Após exames, a ruptura de um osso na região da cabeça foi constatada e a criança transferida para o Hospital das Clínicas da Faculdade de Medicina de Botucatu (HCFMB), onde seguia internada e com quadro estável nesta terça-feira (22). A suspeita é de que o garoto tenha sido agredido pela mãe e pelo padrasto.
Em respeito ao Estatuto da Criança e do Adolescente (ECA), o nome dos envolvidos assim como da vítima serão preservados para não identificar a criança.
O caso ocorreu por volta das 16h29 desta segunda-feira (21). Após receberem a criança com lesões na face, servidores da UPA acionaram a Polícia Militar e o Conselho Tutelar.
Na unidade, o pequeno chegou a contar para uma assistente social que teria sido agredido "pelos pais".
Diante da situação, policiais foram até a casa do menino, na Vila Nova Esperança, mas ninguém foi encontrado no imóvel.
Transferida para o Hospital de Base (HB), a criança teve a fratura na cabeça constatada. E, em razão do quadro de Saúde delicado, acabou encaminhada para a ala pediátrica do Pronto-Socorro Referenciado do Hospital das Clínicas de Botucatu, onde permanecia sob cuidados médicos nesta terça (22).
INQUÉRITO
O boletim de ocorrência (BO) sobre o caso, registrado como lesão corporal e maus-tratos, foi encaminhado para a Delegacia de Defesa da Mulher (DDM).
A delegada da DDM, Marcia Regina dos Santos, informou que um inquérito será instaurado a fim de apurar as circunstâncias da suposta agressão.
"Estamos atentos ao estado de saúde da criança, que inspira cuidados, mas está estável.
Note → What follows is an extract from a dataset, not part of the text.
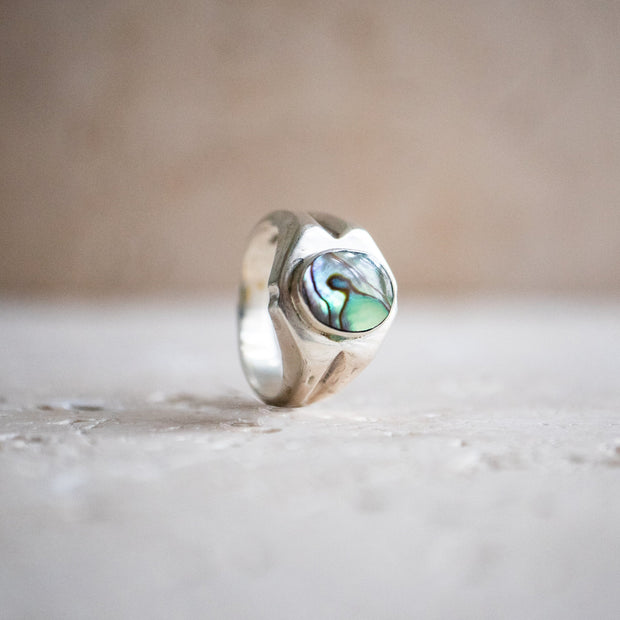 Large Abalone Shell Signet Ring made of 925 Sterling Silver - Mother of Pearl Ring Statement Ring Blue Handmade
Quanto ao inquérito, deverão ser requisitados o exame corpo de delito e a oitiva dos envolvidos, sendo a tia, a bisavó, os conselheiros, a assistente social e os pais", aponta a delegada.
Consta no BO, que a mãe do garoto, que teria 27 anos, seria conhecida pelo Conselho Tutelar por histórico envolvendo o uso de drogas.